[Brief descriptive captions]
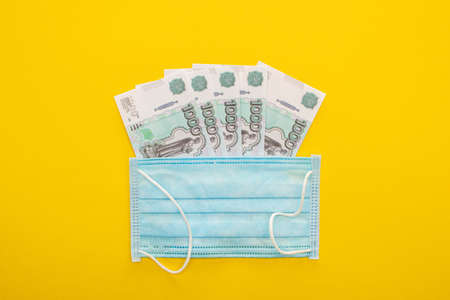 top view of Russian banknotes and medical mask on yellow backgroundのeditorial素材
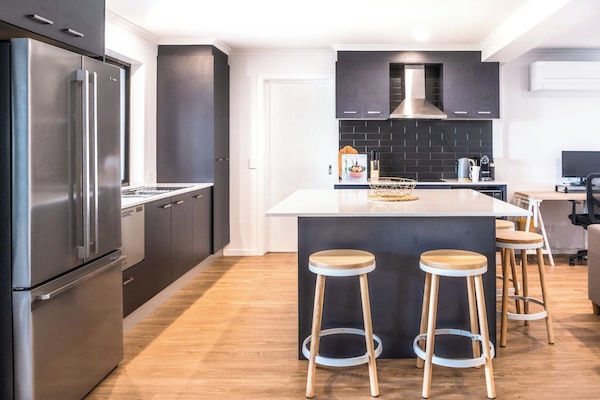 Modern open plan kitchen with island seating.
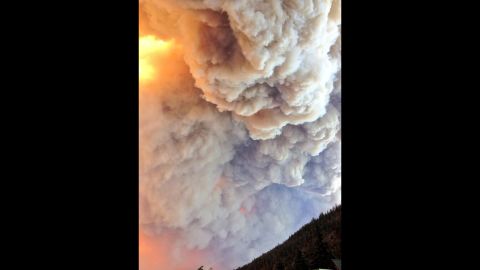 Smoke from the West Fork Fire Complex consisting of the West Fork and Windy Pass fires fills the sky on June 20.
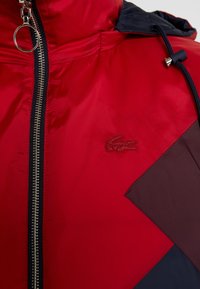 Chaqueta impermeable roja con un acabado texturizado, que presenta un cierre de cremallera plateado, capucha azul marino y formas de acento oscuro. Logotipo de Lacoste en rojo a juego.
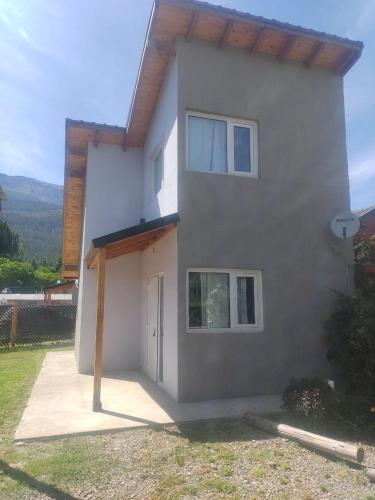 una gran casa blanca con una puerta delante de ella en Departamentos Mate de Luna en El Bolsón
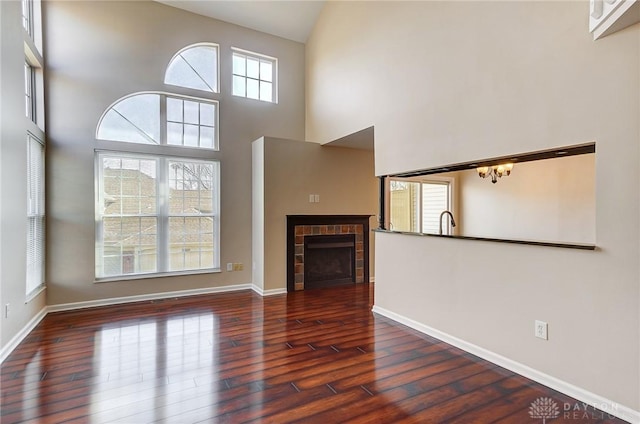 unfurnished living room featuring baseboards, a tile fireplace, a high ceiling, a notable chandelier, and wood-type flooring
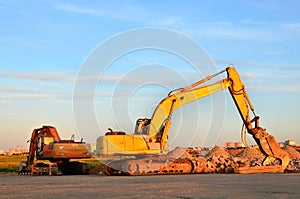 Excavator on a construction site cuts and crumbles old concrete and asphalt.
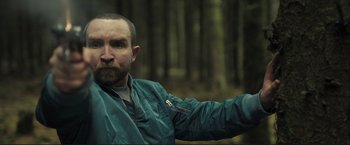 Movie still from “The Disappearance of Alice Creed” (2009), directed by J Blakeson – A person wearing a jacket in the woods; Close Up shot, Low angle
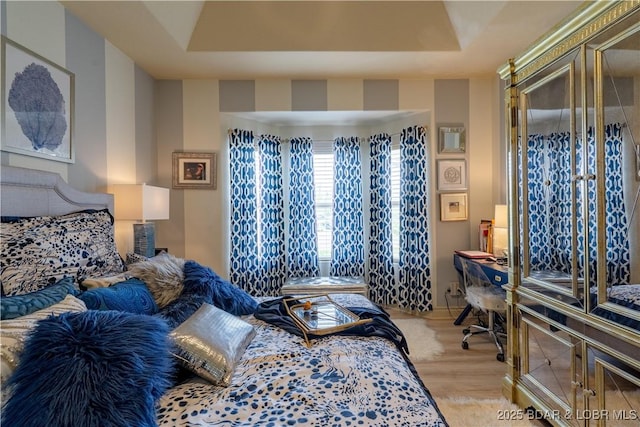 5218 Big Ship St, Osage Beach, MO 65065 - bedroom featuring a tray ceiling and light wood-style floors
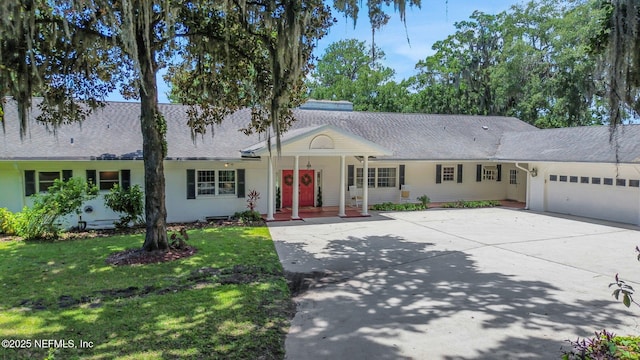 2785 Holly Point Rd E, Orange Park, FL 32073 - view of front of home with a front yard, roof with shingles, concrete driveway, and an attached garage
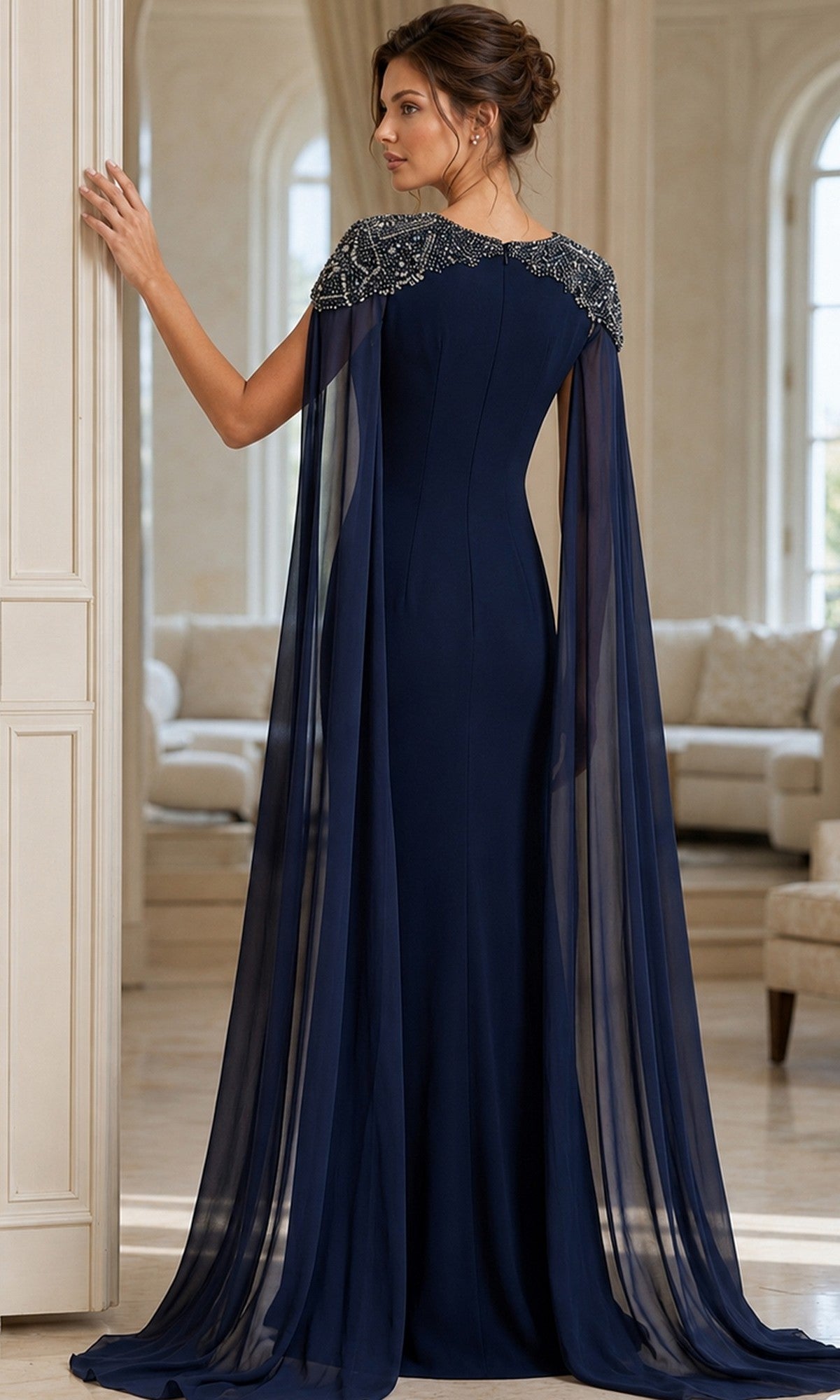 A woman stands indoors with her back to the camera, wearing the Long Formal Dress: Jovani 40000—an elegant navy blue gown featuring sheer chiffon cape sleeves and beaded shoulders.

• Task objective
From the data above, retype only the lines starting with the line with "Chaqueta impermeable roja" and going on through the line with "unfurnished living room", exactly, leaving out the pictures.

• Expected output
 Chaqueta impermeable roja con un acabado texturizado, que presenta un cierre de cremallera plateado, capucha azul marino y formas de acento oscuro. Logotipo de Lacoste en rojo a juego.
 una gran casa blanca con una puerta delante de ella en Departamentos Mate de Luna en El Bolsón
 unfurnished living room featuring baseboards, a tile fireplace, a high ceiling, a notable chandelier, and wood-type flooring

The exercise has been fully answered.